By Brian Dumont
Welcome to 2014. It’s a brand new year with a clean slate just waiting for you make some resolutions. And while technically anyone can resolve to change anytime of the year, for some reason it seems a little easier to make a fresh start when the calendar page turns. Smile FM DJ’s are no different. Here are some of the resolutions they have pledged for 2014:
I want to start a weekly blog this year with a working title of “Music To Live By.” Each entry will be about a specific song and how it has impacted me on a personal level. – Brian
My Goal is to eat healthier and be more consistently active. – Amanda
I want to see EVERY relative on all sides of my family who live in Michigan at least once, which means treks between Detroit, Lansing, Kalamazoo, and Traverse City… and a lot of money in Speedway's pockets. – Mike
Okay, mine is weird. You probably know that Notre Dame football players always touch a sign before they go on the football field. I have this plaque at my house that I often forget.
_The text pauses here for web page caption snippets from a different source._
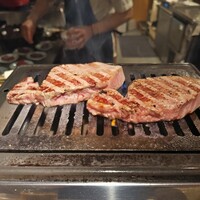 肉のあかい - 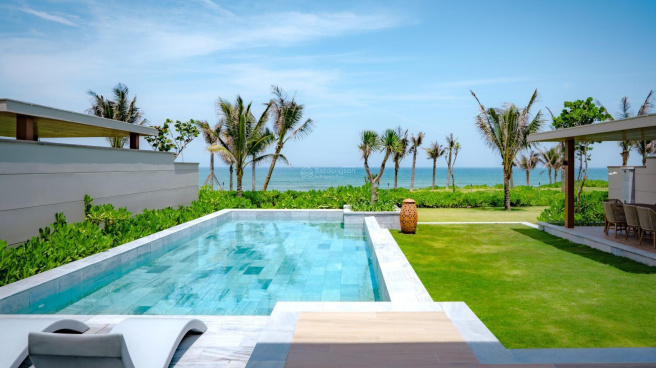 The Ocean Villas Quy Nhơn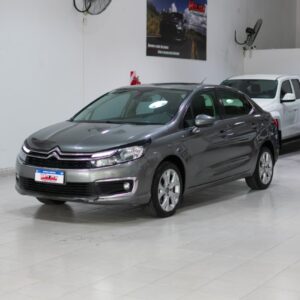 Citroen C4 Lounge Hdi Feel Pack 2019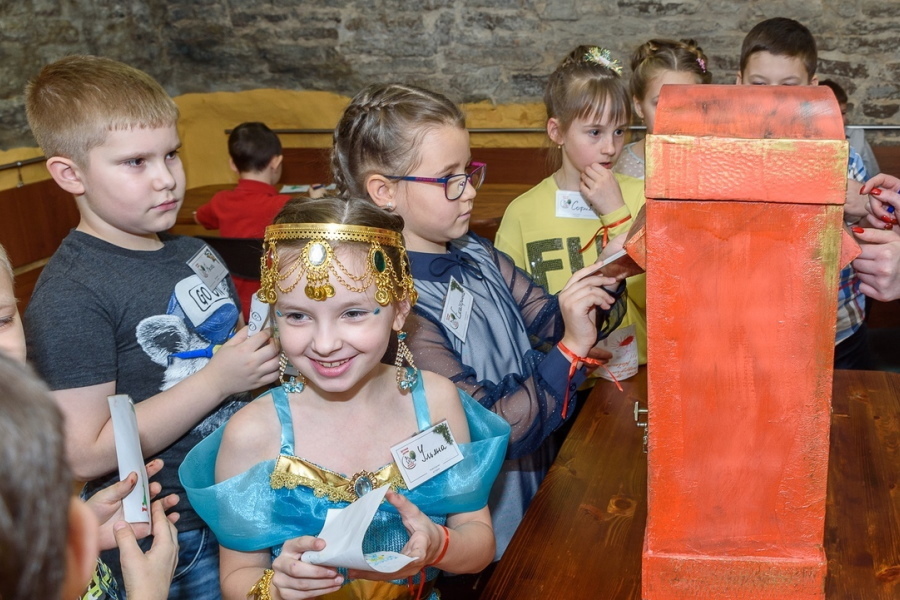 Квест в реальности Вокруг света за 80 дней от компании Двор чудес Квест в реальности Вокруг света за 80 дней от компании Двор чудес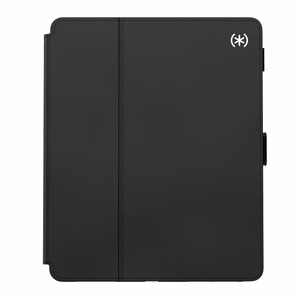 Speck Balance Folio atverams vāciņš ierīcei iPad Air 13" (2026–2024), melns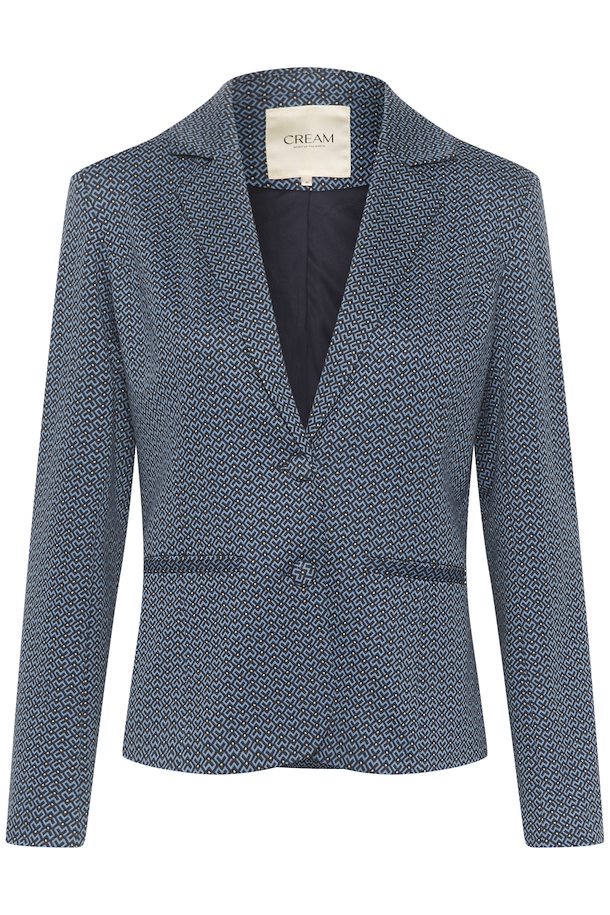 CRAnett Blazer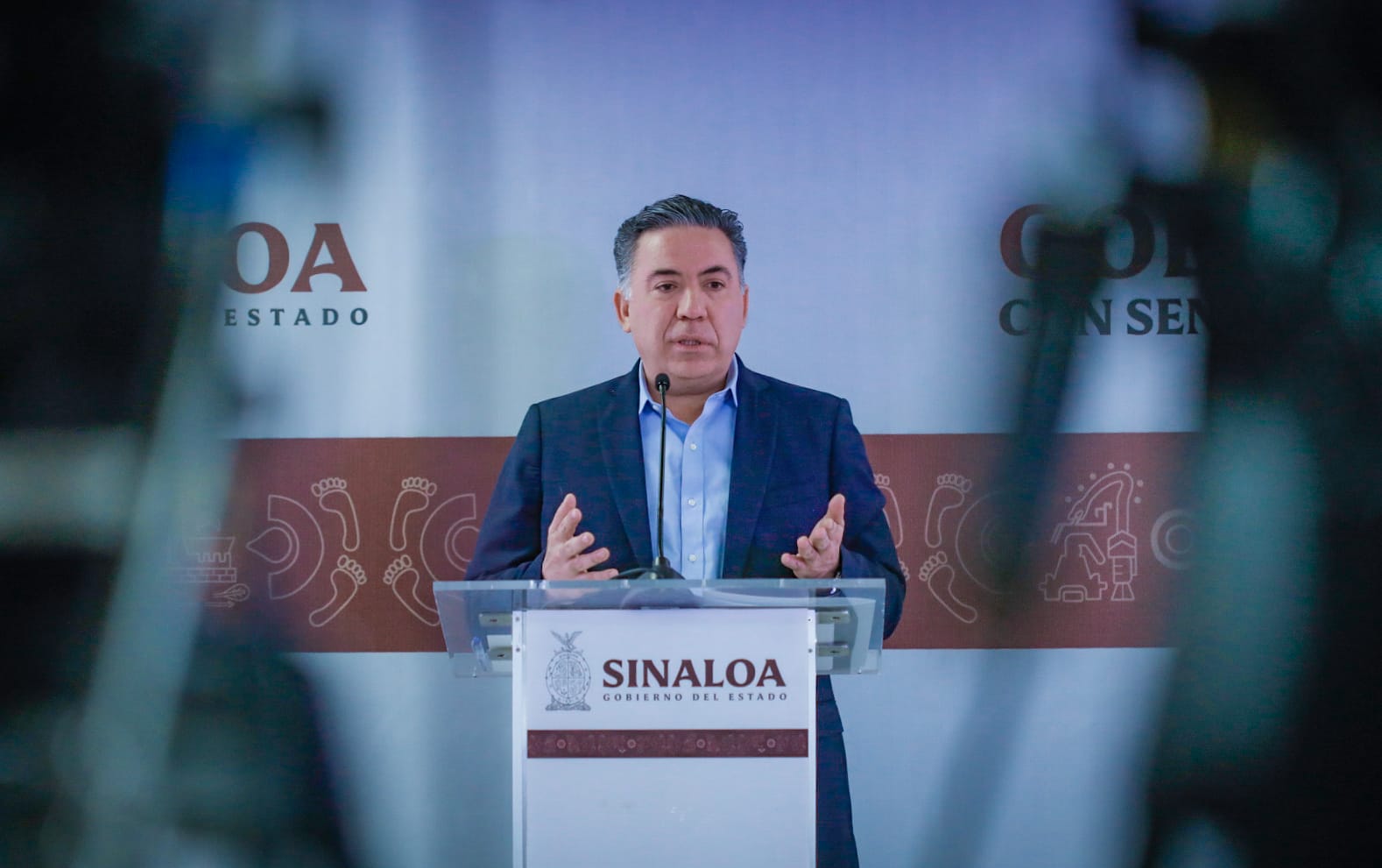 ¡Siguen las gestiones! Viaja Rocha a la CDMX para continuar con la lucha de maiceros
I've decided in the new year that I'm going to touch it every time I walk by it, to help me remember it more, and live it out more. – Faron
Making resolutions and setting goals for positive change is a good thing, however there are a few tips that might help you achieve your goals more effectively. Several leadership experts offered their opinion in this area. One theory some use for goal setting is the SMART method. SMART is an acronym that stands for specific, measurable, attainable, relevant and time-bound. If a goal is set and it meets all of these criteria there’s a higher chance the goal will be met with success.
Specific – It’s important to be specific when setting a goal. If you’re not specific, how will you know when you’ve achieved it? How will you know how to achieve it? For example, you can say you want to lose weight this year and leave it at that, but then what are you going to do? Where do you start? How do you know when you’ve finished? But if instead you say you want to lose 30 lbs. in the next 3 months and you’re going to do it by eating smaller portions, eliminating sugar from your diet, drinking at least 8 glasses of water each day and exercising at least 5 times week for 30 minutes, then you have something to work with and you can tell whether or not you’re actually meeting your goal.
Measurable – If your goal is specific then it should be easy to measure. Continuing with our weight loss example, if you know your starting weight than you can easily measure your progress. Just step on the scale and you’ll be able to tell right away if you’re headed in the right direction. However, if your goal lacks definition how will you know if it has been met? If you were to say you want to eat healthier, what does that actually mean? Is “healthier” based on calories? Ingredients? Portion size? If you don’t specify, you can’t measure.
Attainable – You’re goal has to be within reason otherwise it’s not worth setting in the first place. For example, if your goal is to loose 100 lbs. in one month, that would be unrealistic, if not impossible (and if it were possible it probably wouldn’t be healthy). An attainable goal might stretch you a bit, but not to the extreme that it will likely result in failure.
Relevant – Your goal should also pertain to your situation. You can set a goal of weight loss, but if you’re already at or under the ideal body weight for your height and age, then doesn’t make sense to shed any additional pounds.
Time-Bound – It’s helpful to give your goal a deadline, again so you’ll know if you’ve accomplished what you set out to do. If the goal is indefinite and ongoing, then it’s more difficult to measure your progress. You can say your goal is to loose 30 lbs. but if you don’t specify by when, it could go on and on forever and you may never get around to accomplishing your goal.
One additional consideration when using this theory of goal setting is to understand it will hold you accountable and there is a risk that you won’t meet your goals. If this happens, it’s okay. Part of the process is evaluating the original goal and setting a new goal if necessary. If you don’t loose 30 lbs. in 3 months, maybe you need to change your approach. Maybe you need to exercise more or change your diet or seek assistance from a professional. The point is, don’t give up. The fact that you’re setting goals in the first place proves you’re on the pathway to success.